Each KyoAni work also had their own small booth, which gave a brief overview of the anime and some comments from a chief staff member. The messages themselves were generally pretty typical—the creators shared their retrospective thoughts on the anime, what challenges they faced, and so on—but it was nice to see them thank the fans so sincerely for watching their work. As in previous years, there was also a “message corner” in the key animation exhibit hall, where the staff left cute pictures and messages for the fans to look at.

Naoko Yamada's message from 2015: “A hearty welcome to you all! Please take your time and enjoy.”

Fans who pre-ordered their ticket before a certain date were able to apply for a lottery to see their favorite creators in person. The festival hosted stage events and autograph sessions throughout the weekend. I attended the stage events, mostly to check for newsworthy announcements. Nothing new was announced, but the creators did talk about what they were currently working on and their thought process behind making anime, which made these stage events worthwhile in their own right.
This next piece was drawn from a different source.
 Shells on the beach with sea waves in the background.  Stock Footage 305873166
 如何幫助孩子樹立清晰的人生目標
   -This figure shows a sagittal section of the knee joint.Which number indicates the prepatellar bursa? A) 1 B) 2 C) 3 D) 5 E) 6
For example, in the “Talk Stage of Directors,” Tatsuya Ishihara (The Melancholy of Haruhi Suzumiya, Love, Chunibyo & Other Delusions) spoke at length about his approach to directing. In anime, there are often two types of directors: kantoku, who oversee the entire project as a whole, and enshutsu, who supervise specific units or episodes. Ishihara has had experience in both types of directing, and he mentioned that he gets so obsessive about details that he'll focus on everything, even things that even kantoku don't get too involved with like the anime's packaging.
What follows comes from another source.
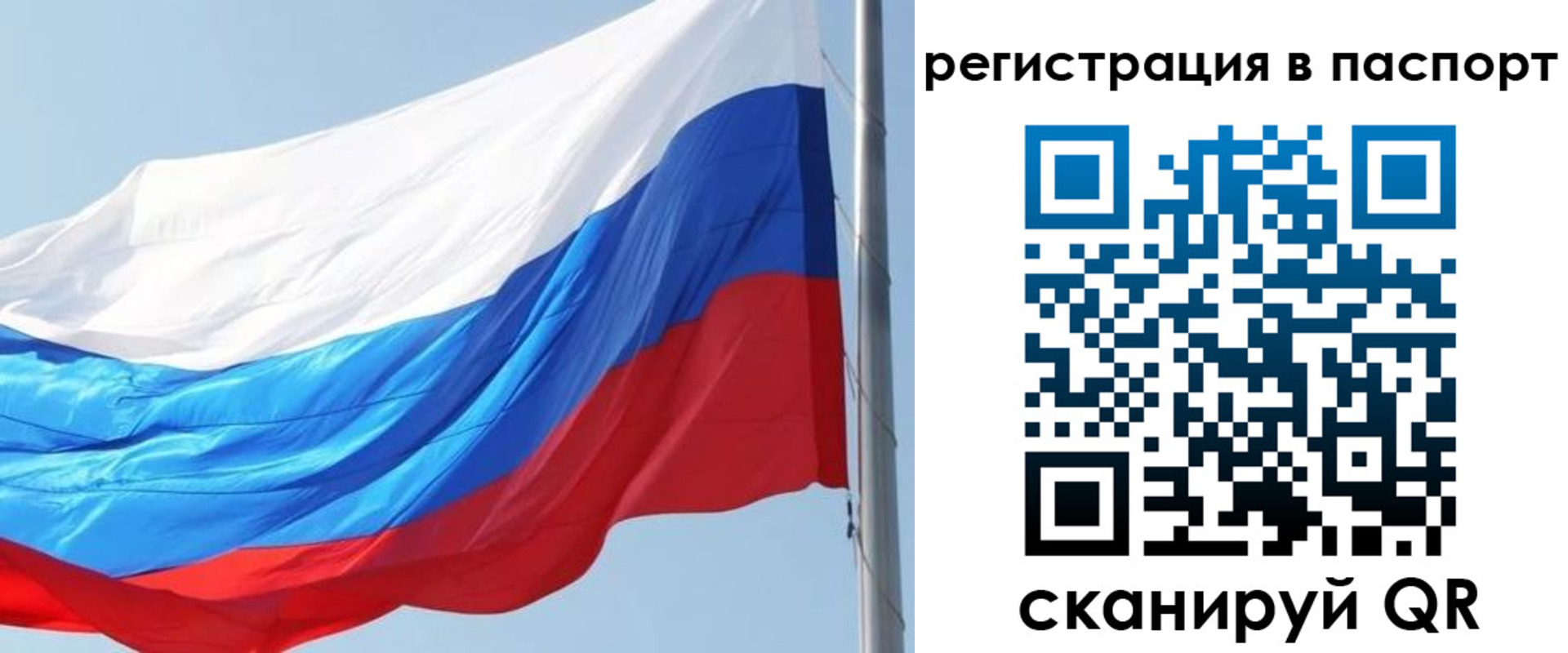 прописка законно в Снежногорске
There was also some insight into the upcoming Violet Evergarden anime. There was a “Making Of” stage event where key members of the staff explained that the city backdrop shown in the trailers was made entirely in 3D. They were so thorough in their efforts to clearly envision a lifelike town that that they didn't even use all the models they made. A similar philosophy was taken with the character designs, which are noticeably more complex than most anime character designs. Although KyoAni veteran Taichi Ishidate is the overall series director, he's working alongside Haruka Fujita for her debut directorial role. I get the impression that Violet Evergarden is a proud statement of Fujita's ambition as a director.
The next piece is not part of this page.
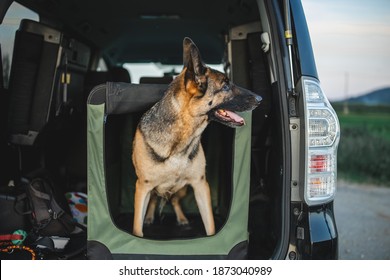 a german shepherd is a soft crate in the car. the trunk is open and the dog i peeking out of his crate from the car. the vehicle is black and big and dog is a male german shepherd. crate training  - Shutterstock ID 1873040989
Although the author of the original light novels wasn't able to attend this event, she did leave a message at the KyoAni book corner. Kana Akatsuki is apparently a big film buff who gets her ideas for stories by going to the cinema. She even submitted her story to KyoAni's yearly light novel competition because she imagined her story in visual form and thought it would be nice if KyoAni animated it. It's hard to imagine that she'll be dissatisfied by the final product.

Finally, let's talk about KyoAni's mascot animal, the cute and cuddly Baja. Baja was only invented this year, but he already has his own anime, called Baja's Studio. This short anime was screened at regular intervals over the weekend. People who bought a premium ticket to the event got a Blu-ray of the anime bundled in with their purchase, although you could also buy a Blu-ray at the event itself, and it will also probably be available at the KyoAni shop at a later date. I absolutely died of cuteness watching Baja's Studio, and I hope that it'll be accessible for English speakers to watch somewhere down the line.

In sum, Kyoto Animation and Do's third fan appreciation event was a lot of fun and absolutely worthwhile for any fan of the studio. The theme of the event is “This is What We Are Now!” and it really is quite humbling to see how far the studio has come in recent years. Developing their own IPs has helped give the studio the financial security and creative freedom to pursue their animation craft to new heights. It will be exciting to see where Kyoto Animation heads in the future.